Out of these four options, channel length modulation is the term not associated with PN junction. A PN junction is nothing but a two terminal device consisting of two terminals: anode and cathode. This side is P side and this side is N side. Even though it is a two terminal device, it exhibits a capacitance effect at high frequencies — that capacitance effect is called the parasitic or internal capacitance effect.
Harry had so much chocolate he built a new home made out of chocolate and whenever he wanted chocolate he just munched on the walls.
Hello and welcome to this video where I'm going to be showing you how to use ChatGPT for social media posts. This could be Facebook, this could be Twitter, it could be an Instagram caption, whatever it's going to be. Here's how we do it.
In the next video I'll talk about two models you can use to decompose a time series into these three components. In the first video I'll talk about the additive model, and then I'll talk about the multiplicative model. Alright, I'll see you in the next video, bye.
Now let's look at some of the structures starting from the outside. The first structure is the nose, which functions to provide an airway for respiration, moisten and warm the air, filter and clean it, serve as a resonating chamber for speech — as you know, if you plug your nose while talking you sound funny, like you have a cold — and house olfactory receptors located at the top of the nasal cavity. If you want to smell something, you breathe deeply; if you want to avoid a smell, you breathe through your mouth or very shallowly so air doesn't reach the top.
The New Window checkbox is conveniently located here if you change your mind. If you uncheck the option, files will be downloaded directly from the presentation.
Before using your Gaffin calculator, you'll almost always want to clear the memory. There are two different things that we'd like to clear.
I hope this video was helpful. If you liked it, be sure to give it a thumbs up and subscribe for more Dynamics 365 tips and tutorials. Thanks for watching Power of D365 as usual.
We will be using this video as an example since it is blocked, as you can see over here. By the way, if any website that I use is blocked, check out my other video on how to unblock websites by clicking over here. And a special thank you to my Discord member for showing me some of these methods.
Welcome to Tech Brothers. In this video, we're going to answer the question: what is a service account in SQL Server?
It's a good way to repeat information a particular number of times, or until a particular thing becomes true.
====
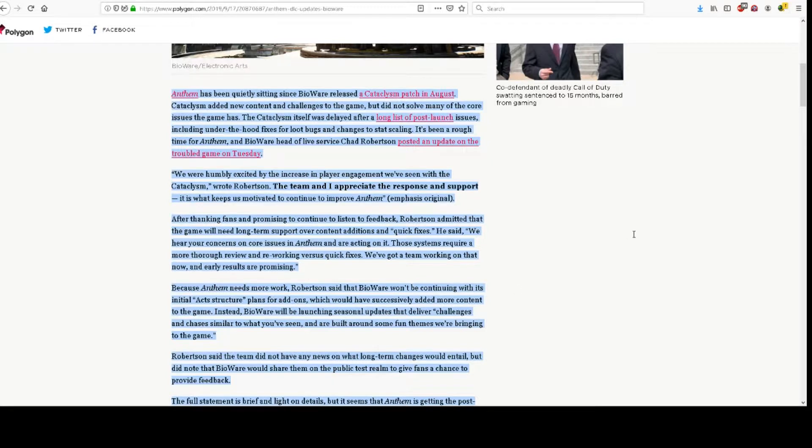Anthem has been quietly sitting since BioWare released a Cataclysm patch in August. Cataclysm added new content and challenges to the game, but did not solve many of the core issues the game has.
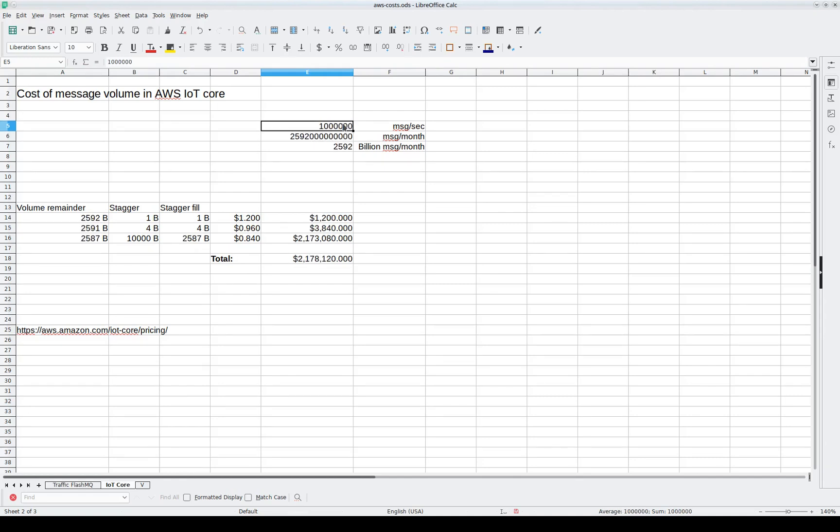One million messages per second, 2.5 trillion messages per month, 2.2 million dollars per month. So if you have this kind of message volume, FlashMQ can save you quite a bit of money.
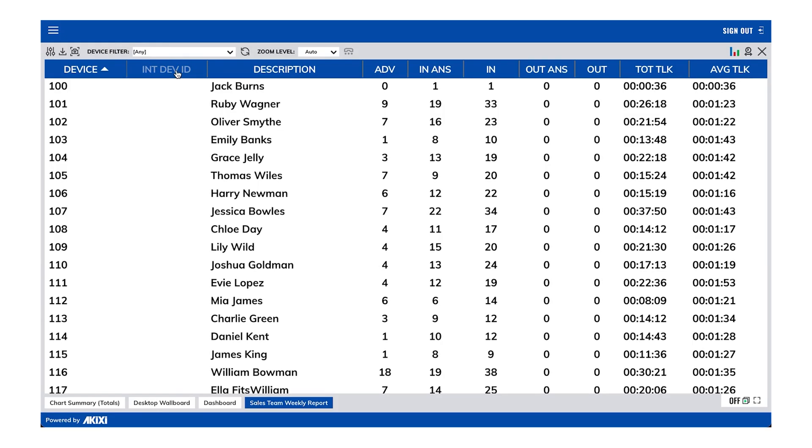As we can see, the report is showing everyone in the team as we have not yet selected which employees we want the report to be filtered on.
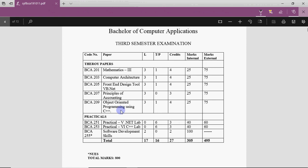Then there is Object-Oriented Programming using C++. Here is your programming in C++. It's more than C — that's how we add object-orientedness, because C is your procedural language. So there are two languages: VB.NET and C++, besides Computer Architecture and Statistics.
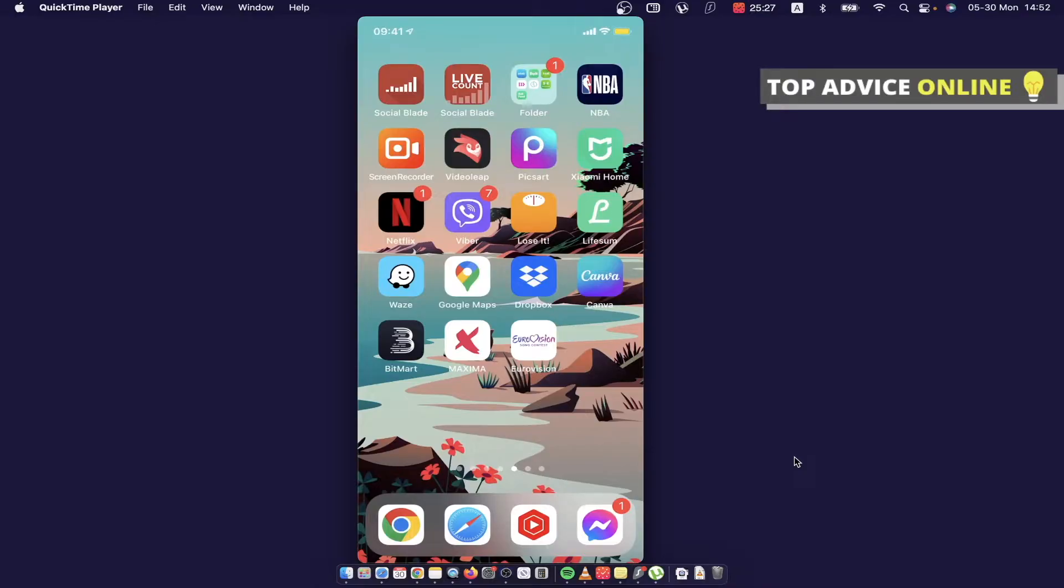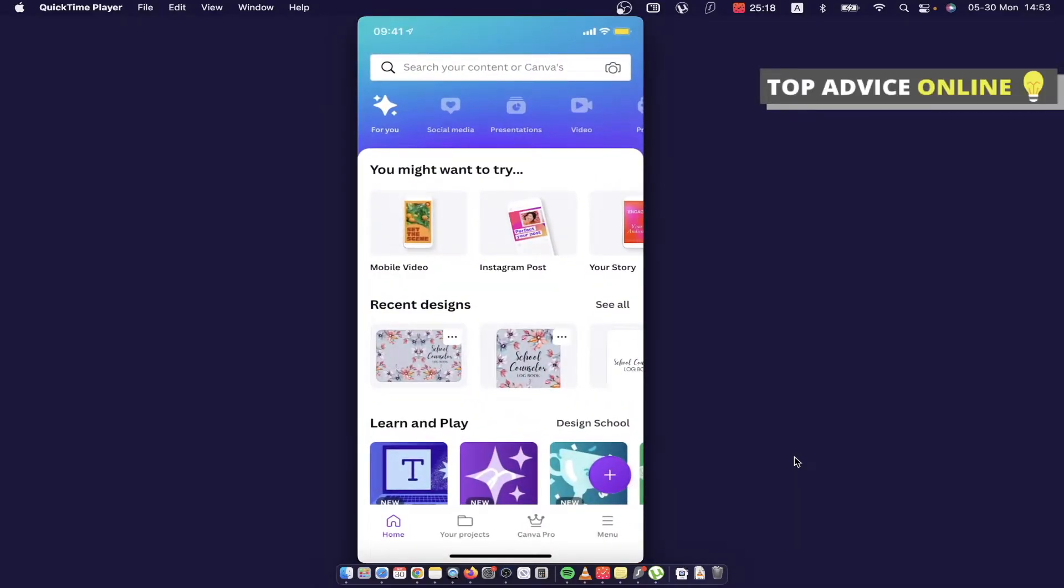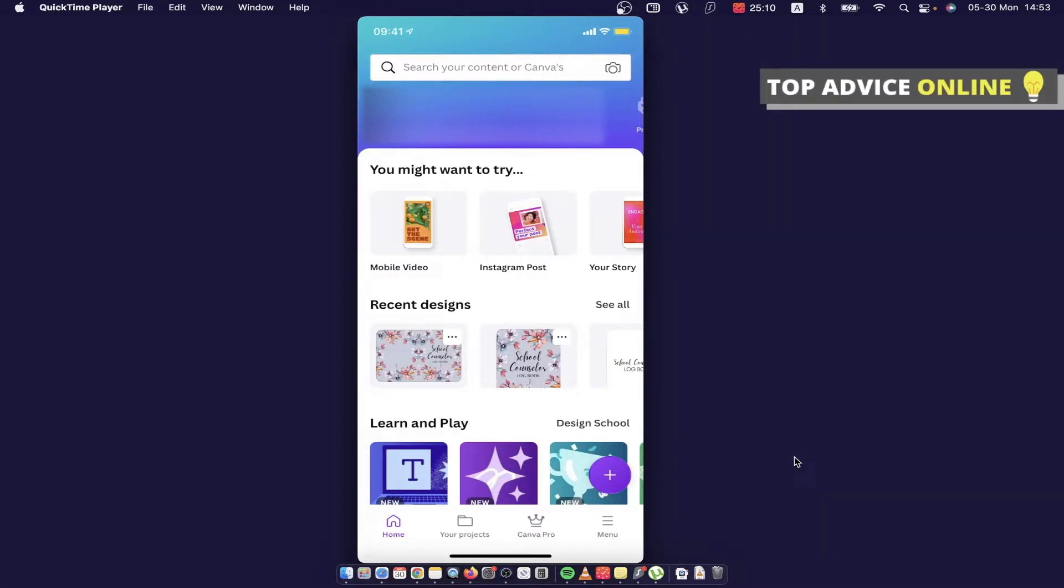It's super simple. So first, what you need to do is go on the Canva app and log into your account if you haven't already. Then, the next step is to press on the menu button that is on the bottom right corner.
====
Task directions: Restate word for word only the lines above from the line containing "Hello and welcome" to the line containing "I hope this", both of them included.

Exercise answer:
Hello and welcome to this video where I'm going to be showing you how to use ChatGPT for social media posts. This could be Facebook, this could be Twitter, it could be an Instagram caption, whatever it's going to be. Here's how we do it.
In the next video I'll talk about two models you can use to decompose a time series into these three components. In the first video I'll talk about the additive model, and then I'll talk about the multiplicative model. Alright, I'll see you in the next video, bye.
Now let's look at some of the structures starting from the outside. The first structure is the nose, which functions to provide an airway for respiration, moisten and warm the air, filter and clean it, serve as a resonating chamber for speech — as you know, if you plug your nose while talking you sound funny, like you have a cold — and house olfactory receptors located at the top of the nasal cavity. If you want to smell something, you breathe deeply; if you want to avoid a smell, you breathe through your mouth or very shallowly so air doesn't reach the top.
The New Window checkbox is conveniently located here if you change your mind. If you uncheck the option, files will be downloaded directly from the presentation.
Before using your Gaffin calculator, you'll almost always want to clear the memory. There are two different things that we'd like to clear.
I hope this video was helpful. If you liked it, be sure to give it a thumbs up and subscribe for more Dynamics 365 tips and tutorials. Thanks for watching Power of D365 as usual.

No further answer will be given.